Further, Judge Kincaid ordered Tony Joyce’s testimony about Contreras and Rummel’s conversations obtained via dictograph stricken from the record. As for the groceries Sasso was seen delivering to Mumsie didn’t mean they were partners. The money witnesses had seen exchanging hands? Why, that was probably just payment for the groceries and “not for any other purpose,” the judge decreed.

Back in court the next day, March 19, 1942, to face the remaining pandering changes against her for employing a 15 year old girl as a prostitute, Mumsie “abruptly and unexpectedly” pleaded guilty. She continued to deny that she had operated the Stockyards Hotel as a brothel, and maintained that if girls had worked as prostitutes there they had done so without her knowledge.

The Stockyards Hotel was ordered closed for one year and all of its furnishings sold, in accordance with the county (Red Light) Abatement Act by order of the L.A. superior court. Mumsie appealed the decision, which was upheld in State Supreme County in February 1943. She died in Los Angeles in January 1946, not long before the publication of Build My Gallows High.

Harriet “Mumsie” McGonigle of the novel became just plain Kathie Moffat in the film adaptation Out of the Past (1947), played by Jane Greer. Dan Mainwaring, who wrote under the pen name Geoffrey Homes, also wrote the screenplay.

***

Notes

Sasso used the name Ettore Cito in the 1920 census as well as a 1922 immigration document. He lists it as Augusto Ercole Sasso in his unsuccessful 1937 naturalization petition as well as his WWII draft registration form. He avoided deportation in 1942 due to the US’s “strained” relationship with Italy, but was denied citizenship in 1944 by a federal court judge on grounds that he was a former associate of Albert Marco and had “failed to establish himself as a person of good moral character.” He died in Los Angeles in 1971.

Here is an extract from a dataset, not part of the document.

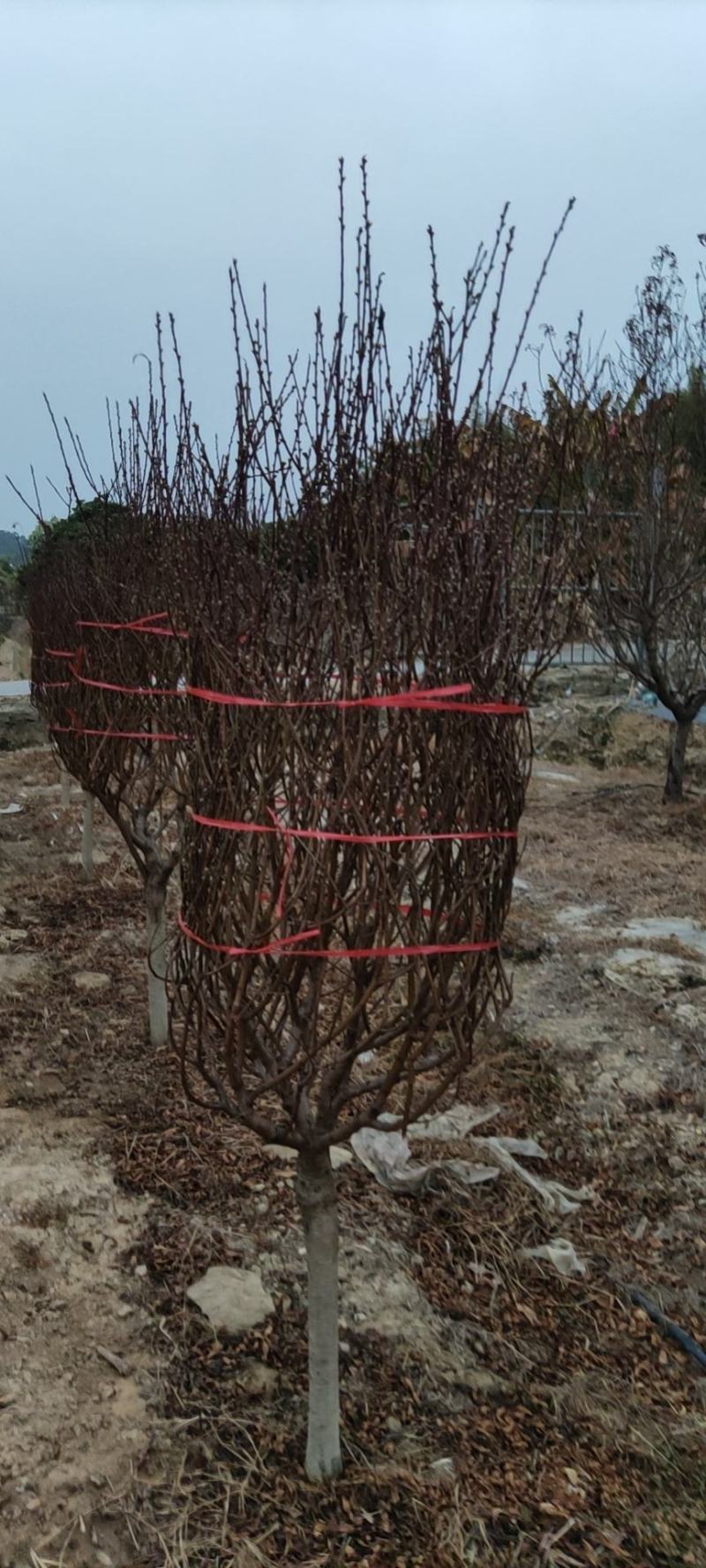广州市白云区桃花基地，种植各种规格桃花。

Marco was deported to Italy after serving his State prison term in San Quentin.

Despite support from Mayor Bowron, Ann Forrester was unsuccessful in appealing her case or getting parole in lieu of prison time, and finally began serving her sentence at Tehachapi in December 1941.

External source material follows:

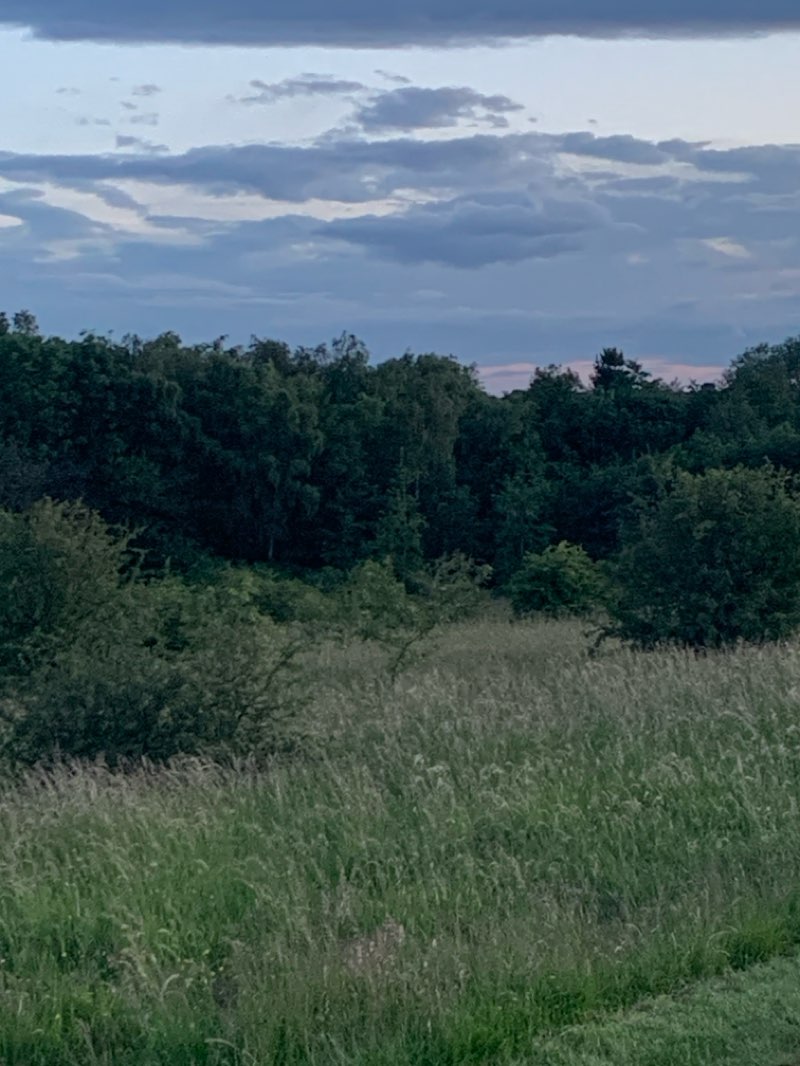 walking near me in Rookery Park in summer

D.A. John Dockweiler, though still a fairly young man, took sick and died suddenly in office in January 1943. Fred Howser f Long Beach, his hastily-named successor, was much more to the underworld’s liking.

Joseph Di Marzo was convicted of pandering charges. Ann Forrester was brought to Los Angeles from Tehachapi Prison, to testify during his trial. Since the U.S. entry into WWII, as a non naturalized citizen of Italy, he was held in custody at the concentration camp for “enemy aliens” sited at Tujunga up until his conviction. His lawyer, Sam Rummel- the same one heard by D.A. investigators conspiring with Chito Sasso- argued that he ought to be allowed to serve his time there rather than state prison, but was overruled.

George Contreras died in July 1945.

Sam Rummel was murdered in December 1950. The case was never officially solved.